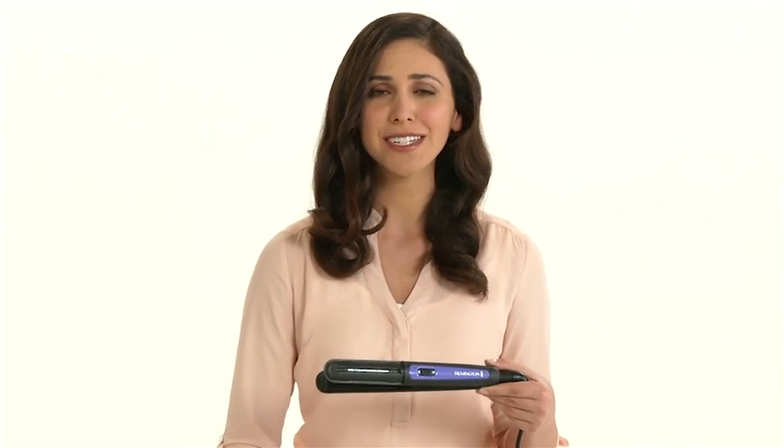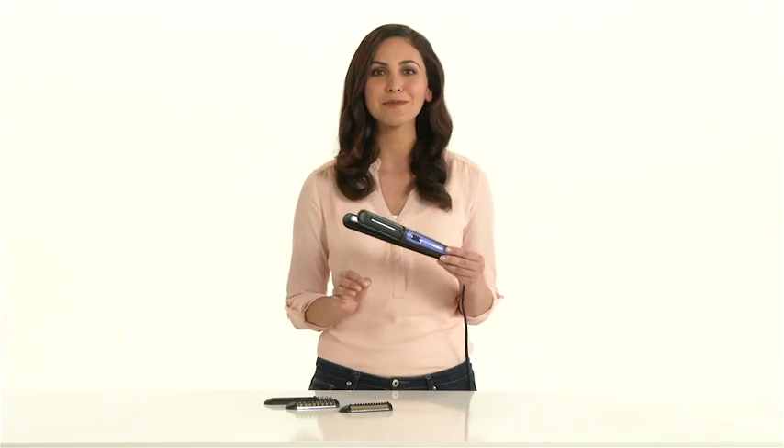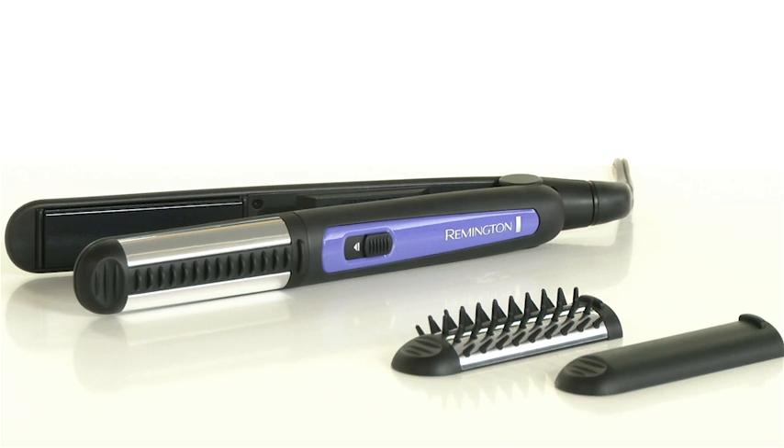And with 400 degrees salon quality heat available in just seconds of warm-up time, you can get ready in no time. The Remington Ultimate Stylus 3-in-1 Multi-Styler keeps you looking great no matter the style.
==
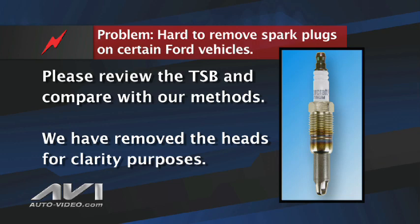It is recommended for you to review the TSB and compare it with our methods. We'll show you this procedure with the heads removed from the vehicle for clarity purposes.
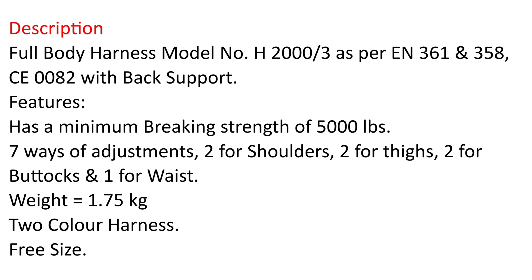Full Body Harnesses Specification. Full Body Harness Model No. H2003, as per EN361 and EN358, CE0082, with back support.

* What to do: Would you please repeat only the lines above, beginning at the one that has "It is recommended" and stopping after the one that has "Full Body Harnesses", exactly and with no pictures?

* Solution to the problem:
It is recommended for you to review the TSB and compare it with our methods. We'll show you this procedure with the heads removed from the vehicle for clarity purposes.
Full Body Harnesses Specification. Full Body Harness Model No. H2003, as per EN361 and EN358, CE0082, with back support.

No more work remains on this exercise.